▶ Instructions for the task:
From the records below, set down exactly the lines starting with the line that contains "MOVI - SET DE" and going on through the line that contains "Планка конька круглого". Nothing else is wanted.

:::::

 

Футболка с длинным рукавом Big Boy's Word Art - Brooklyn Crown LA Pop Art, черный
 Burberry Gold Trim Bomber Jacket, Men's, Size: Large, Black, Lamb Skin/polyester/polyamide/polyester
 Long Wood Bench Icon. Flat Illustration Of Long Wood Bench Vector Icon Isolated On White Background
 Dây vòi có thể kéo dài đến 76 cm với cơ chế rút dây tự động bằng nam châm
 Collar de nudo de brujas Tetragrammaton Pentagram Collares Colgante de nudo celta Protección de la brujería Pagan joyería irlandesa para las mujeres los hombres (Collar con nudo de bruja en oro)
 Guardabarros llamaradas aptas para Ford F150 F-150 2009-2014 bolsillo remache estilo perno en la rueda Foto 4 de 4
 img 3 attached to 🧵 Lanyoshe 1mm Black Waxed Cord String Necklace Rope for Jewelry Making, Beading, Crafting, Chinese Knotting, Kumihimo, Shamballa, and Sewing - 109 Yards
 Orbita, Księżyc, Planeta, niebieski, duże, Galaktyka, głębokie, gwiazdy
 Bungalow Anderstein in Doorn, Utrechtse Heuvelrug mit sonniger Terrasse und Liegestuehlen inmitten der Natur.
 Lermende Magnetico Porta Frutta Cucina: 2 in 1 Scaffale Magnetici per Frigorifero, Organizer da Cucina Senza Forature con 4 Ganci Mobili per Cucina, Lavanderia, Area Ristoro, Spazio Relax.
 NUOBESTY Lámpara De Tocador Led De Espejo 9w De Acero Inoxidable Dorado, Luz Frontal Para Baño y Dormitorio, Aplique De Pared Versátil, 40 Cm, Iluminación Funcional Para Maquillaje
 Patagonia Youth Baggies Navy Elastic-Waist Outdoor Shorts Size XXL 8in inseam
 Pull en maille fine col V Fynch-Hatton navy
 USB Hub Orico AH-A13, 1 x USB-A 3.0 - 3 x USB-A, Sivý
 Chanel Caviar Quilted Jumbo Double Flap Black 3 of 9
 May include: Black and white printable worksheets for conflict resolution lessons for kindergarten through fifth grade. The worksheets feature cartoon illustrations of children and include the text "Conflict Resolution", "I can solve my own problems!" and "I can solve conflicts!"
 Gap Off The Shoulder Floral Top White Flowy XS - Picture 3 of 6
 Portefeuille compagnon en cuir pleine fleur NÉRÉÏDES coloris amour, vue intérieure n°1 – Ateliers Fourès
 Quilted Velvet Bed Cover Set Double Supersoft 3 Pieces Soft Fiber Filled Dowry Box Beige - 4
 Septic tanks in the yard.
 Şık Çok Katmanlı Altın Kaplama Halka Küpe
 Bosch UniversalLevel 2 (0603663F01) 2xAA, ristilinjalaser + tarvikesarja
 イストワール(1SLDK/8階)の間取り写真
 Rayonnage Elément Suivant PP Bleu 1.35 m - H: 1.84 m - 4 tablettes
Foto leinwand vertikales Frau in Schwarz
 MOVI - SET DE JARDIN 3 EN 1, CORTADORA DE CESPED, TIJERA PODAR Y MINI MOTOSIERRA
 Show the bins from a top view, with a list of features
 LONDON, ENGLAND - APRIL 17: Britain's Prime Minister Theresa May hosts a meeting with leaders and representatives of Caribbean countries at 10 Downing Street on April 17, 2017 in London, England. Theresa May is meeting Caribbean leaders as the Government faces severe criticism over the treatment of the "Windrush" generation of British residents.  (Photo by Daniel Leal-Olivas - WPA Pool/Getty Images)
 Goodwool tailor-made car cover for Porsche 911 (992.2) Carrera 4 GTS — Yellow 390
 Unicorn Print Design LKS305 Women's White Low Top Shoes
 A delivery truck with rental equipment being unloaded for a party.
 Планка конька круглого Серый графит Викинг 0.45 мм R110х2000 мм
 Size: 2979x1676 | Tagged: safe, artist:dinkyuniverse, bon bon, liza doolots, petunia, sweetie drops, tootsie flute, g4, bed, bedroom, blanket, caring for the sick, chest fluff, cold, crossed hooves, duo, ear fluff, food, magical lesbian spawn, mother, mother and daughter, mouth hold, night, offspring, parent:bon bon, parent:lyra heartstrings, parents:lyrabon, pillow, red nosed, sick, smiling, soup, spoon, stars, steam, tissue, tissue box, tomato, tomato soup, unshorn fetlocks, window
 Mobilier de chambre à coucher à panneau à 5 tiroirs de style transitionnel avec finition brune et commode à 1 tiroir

:::::

▶ Response below:
 MOVI - SET DE JARDIN 3 EN 1, CORTADORA DE CESPED, TIJERA PODAR Y MINI MOTOSIERRA
 Show the bins from a top view, with a list of features
 LONDON, ENGLAND - APRIL 17: Britain's Prime Minister Theresa May hosts a meeting with leaders and representatives of Caribbean countries at 10 Downing Street on April 17, 2017 in London, England. Theresa May is meeting Caribbean leaders as the Government faces severe criticism over the treatment of the "Windrush" generation of British residents.  (Photo by Daniel Leal-Olivas - WPA Pool/Getty Images)
 Goodwool tailor-made car cover for Porsche 911 (992.2) Carrera 4 GTS — Yellow 390
 Unicorn Print Design LKS305 Women's White Low Top Shoes
 A delivery truck with rental equipment being unloaded for a party.
 Планка конька круглого Серый графит Викинг 0.45 мм R110х2000 мм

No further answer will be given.